[Extracted records]
==============================
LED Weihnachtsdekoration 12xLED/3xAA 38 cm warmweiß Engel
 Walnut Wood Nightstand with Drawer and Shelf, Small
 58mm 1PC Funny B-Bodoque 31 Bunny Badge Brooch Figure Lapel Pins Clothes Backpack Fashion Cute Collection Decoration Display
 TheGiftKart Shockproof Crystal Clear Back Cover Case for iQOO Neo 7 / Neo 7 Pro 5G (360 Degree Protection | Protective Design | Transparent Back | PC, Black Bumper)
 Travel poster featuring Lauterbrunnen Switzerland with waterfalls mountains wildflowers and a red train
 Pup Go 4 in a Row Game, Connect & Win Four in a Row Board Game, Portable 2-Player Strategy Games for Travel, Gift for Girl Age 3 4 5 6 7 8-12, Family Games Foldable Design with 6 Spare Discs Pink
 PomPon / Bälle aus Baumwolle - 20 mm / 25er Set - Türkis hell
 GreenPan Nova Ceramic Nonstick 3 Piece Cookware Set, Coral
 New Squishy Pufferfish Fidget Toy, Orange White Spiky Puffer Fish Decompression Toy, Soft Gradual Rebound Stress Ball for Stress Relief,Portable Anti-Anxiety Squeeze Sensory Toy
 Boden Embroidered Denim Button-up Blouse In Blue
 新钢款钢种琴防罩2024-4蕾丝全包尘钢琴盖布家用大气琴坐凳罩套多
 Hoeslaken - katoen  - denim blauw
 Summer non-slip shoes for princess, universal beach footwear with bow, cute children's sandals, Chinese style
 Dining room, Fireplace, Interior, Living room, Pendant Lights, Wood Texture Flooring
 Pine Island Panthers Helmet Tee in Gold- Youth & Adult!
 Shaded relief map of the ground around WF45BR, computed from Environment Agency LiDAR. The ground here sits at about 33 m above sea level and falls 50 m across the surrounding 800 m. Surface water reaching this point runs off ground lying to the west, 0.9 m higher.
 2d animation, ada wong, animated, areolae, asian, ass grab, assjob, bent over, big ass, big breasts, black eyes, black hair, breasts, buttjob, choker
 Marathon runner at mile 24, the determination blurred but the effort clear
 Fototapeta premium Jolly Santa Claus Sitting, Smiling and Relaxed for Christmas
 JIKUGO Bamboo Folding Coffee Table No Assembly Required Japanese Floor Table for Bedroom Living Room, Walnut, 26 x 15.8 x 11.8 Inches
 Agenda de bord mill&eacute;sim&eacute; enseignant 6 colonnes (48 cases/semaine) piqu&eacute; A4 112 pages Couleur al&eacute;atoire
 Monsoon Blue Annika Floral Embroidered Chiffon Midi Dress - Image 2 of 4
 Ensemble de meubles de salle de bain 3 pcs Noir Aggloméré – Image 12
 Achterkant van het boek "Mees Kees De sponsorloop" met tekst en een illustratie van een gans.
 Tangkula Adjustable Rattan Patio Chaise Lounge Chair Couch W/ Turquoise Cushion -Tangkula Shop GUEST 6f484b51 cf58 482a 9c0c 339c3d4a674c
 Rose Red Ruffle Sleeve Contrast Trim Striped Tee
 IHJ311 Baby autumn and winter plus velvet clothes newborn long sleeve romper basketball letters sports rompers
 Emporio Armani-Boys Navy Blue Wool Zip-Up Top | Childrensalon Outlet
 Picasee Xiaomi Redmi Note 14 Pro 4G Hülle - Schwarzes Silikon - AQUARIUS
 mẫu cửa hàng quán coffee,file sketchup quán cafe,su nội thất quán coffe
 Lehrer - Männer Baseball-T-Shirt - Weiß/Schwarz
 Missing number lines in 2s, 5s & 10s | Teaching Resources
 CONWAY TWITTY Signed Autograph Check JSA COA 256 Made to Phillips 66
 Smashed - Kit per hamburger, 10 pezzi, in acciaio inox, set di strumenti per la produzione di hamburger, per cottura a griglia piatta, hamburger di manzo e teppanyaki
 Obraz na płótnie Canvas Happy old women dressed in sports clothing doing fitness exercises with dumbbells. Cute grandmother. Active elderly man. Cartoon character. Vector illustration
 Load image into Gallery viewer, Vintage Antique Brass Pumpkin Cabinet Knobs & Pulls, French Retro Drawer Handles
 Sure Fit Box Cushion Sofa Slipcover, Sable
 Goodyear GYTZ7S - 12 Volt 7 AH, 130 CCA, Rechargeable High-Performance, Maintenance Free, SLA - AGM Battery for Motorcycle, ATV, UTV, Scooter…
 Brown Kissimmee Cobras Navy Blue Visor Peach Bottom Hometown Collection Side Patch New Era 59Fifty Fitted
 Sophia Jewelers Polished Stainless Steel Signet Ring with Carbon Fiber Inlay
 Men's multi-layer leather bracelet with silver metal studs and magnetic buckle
==============================
PROBLEM TO WORK ON => Considering only the data above, return the lines in which "Blue" occurs.

EXERCISE RESPONSE =>
 Boden Embroidered Denim Button-up Blouse In Blue
 Monsoon Blue Annika Floral Embroidered Chiffon Midi Dress - Image 2 of 4
 Emporio Armani-Boys Navy Blue Wool Zip-Up Top | Childrensalon Outlet
 Brown Kissimmee Cobras Navy Blue Visor Peach Bottom Hometown Collection Side Patch New Era 59Fifty Fitted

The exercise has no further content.